## WHAT YOU WILL DO
Say, as a bare number, how many lines of the listing hold "https".

▬▬▬▬▬▬

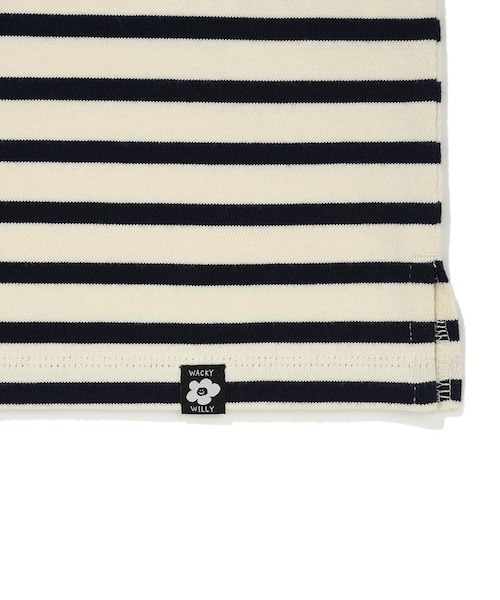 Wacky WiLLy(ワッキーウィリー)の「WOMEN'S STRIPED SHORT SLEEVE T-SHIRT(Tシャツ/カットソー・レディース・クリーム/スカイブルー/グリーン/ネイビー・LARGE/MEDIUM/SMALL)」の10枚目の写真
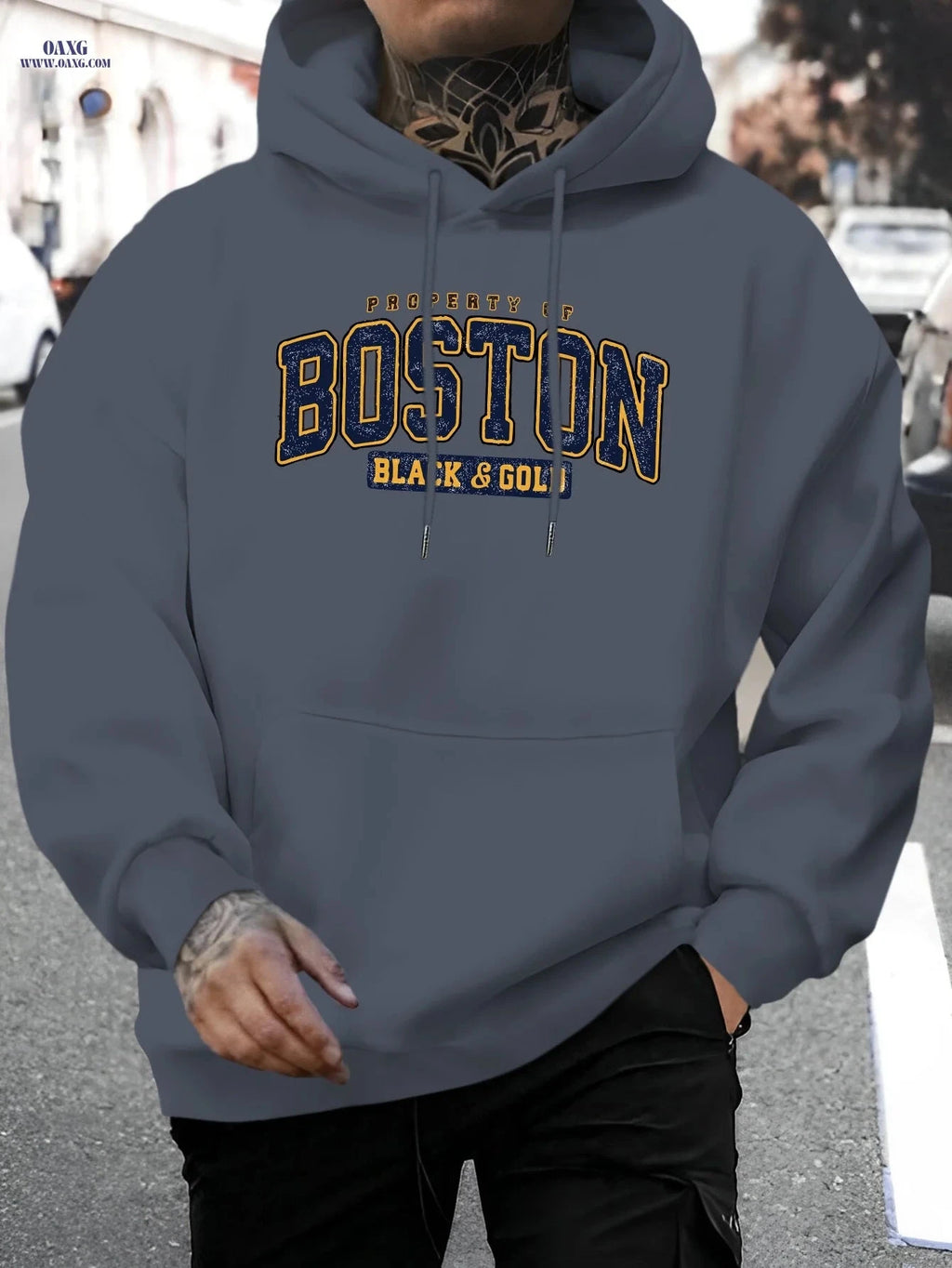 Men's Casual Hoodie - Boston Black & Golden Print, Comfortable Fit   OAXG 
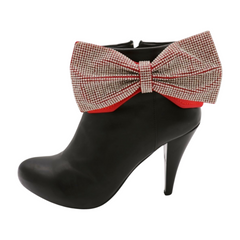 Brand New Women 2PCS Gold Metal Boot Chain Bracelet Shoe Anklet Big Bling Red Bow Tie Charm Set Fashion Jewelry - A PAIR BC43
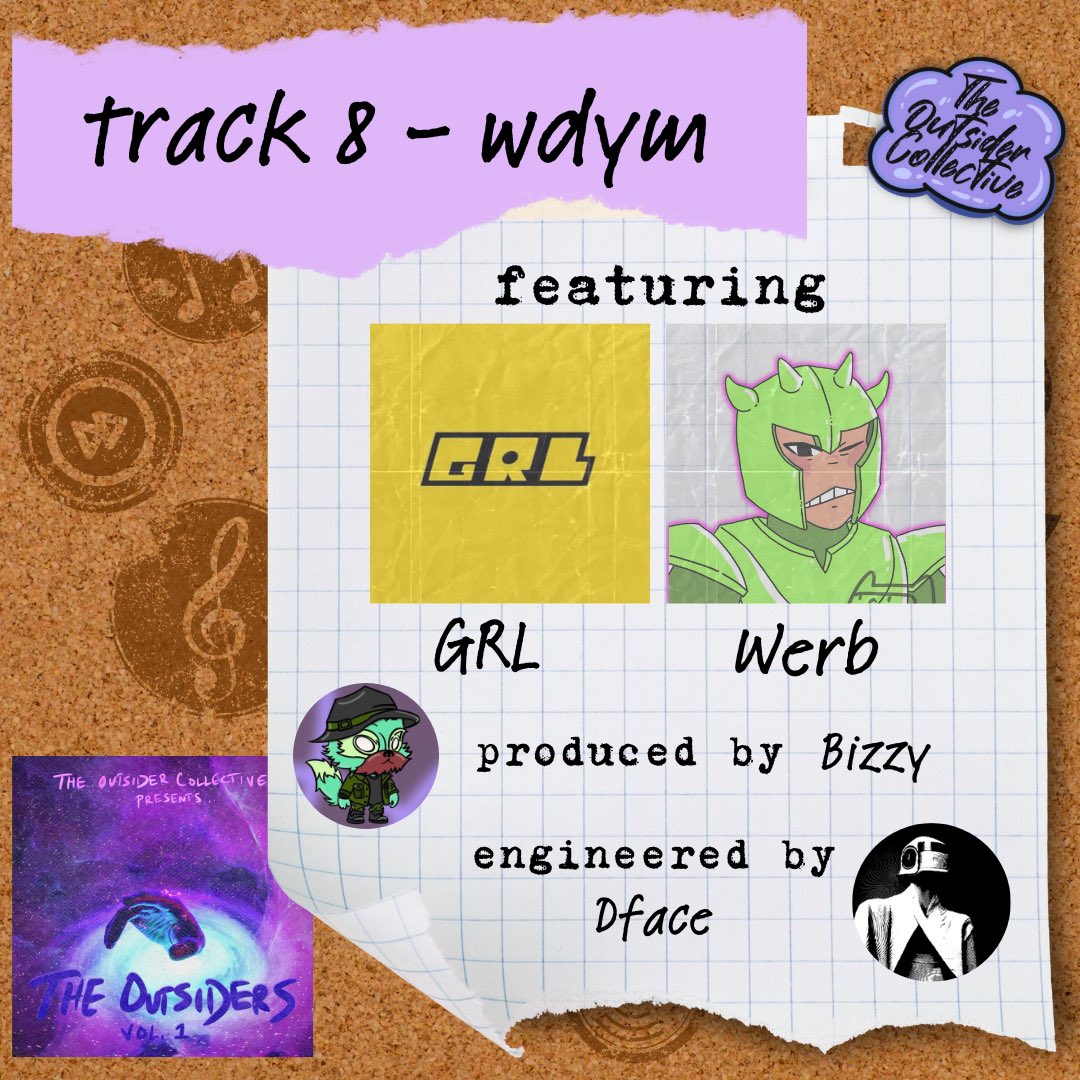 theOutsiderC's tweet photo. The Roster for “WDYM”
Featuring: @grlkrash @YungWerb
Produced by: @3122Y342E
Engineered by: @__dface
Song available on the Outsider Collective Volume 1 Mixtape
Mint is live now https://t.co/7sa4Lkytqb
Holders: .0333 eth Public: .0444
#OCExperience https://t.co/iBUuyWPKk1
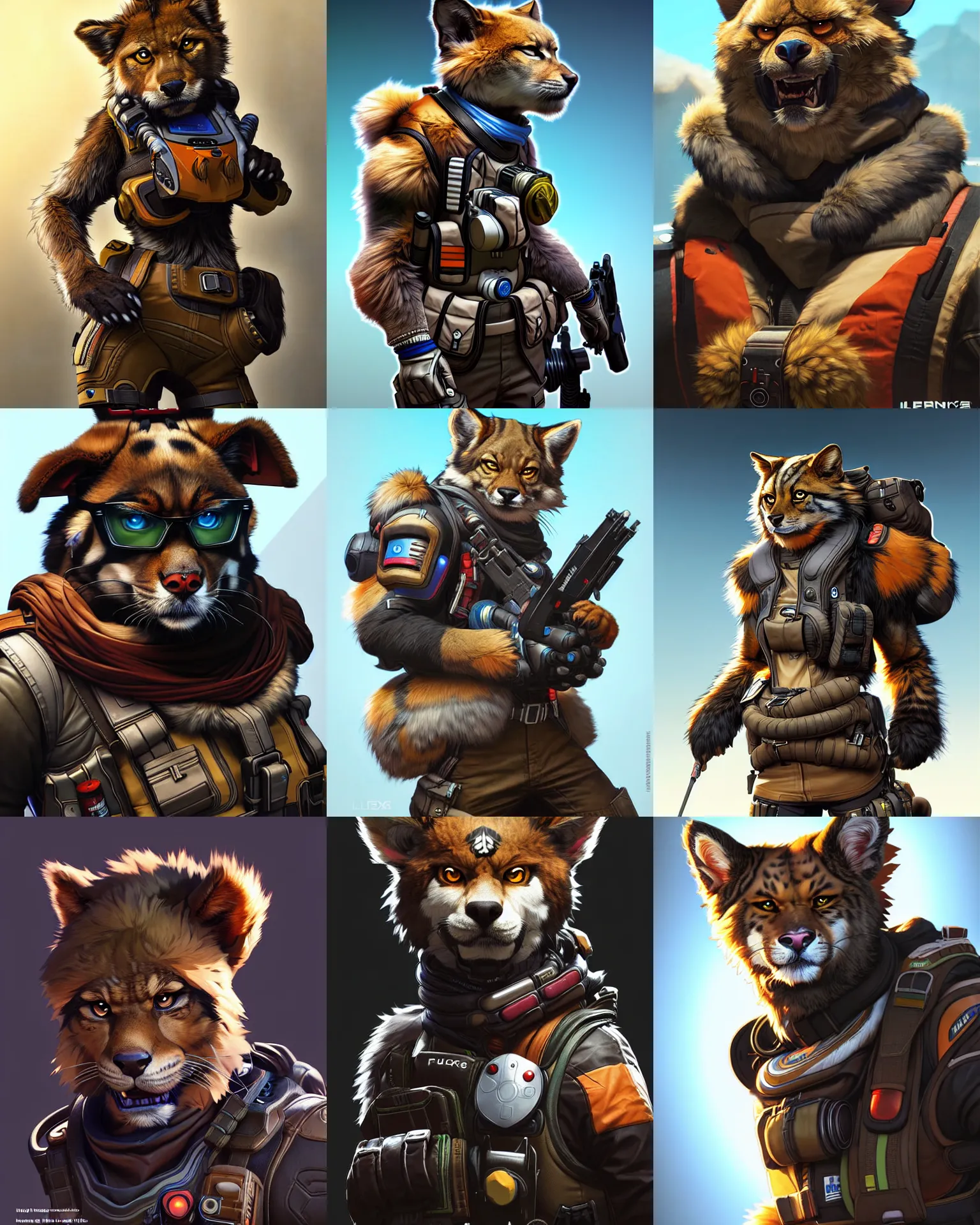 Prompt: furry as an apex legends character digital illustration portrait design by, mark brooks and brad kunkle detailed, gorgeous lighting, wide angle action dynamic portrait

▬▬▬▬▬▬

## EXERCISE OUTPUT
2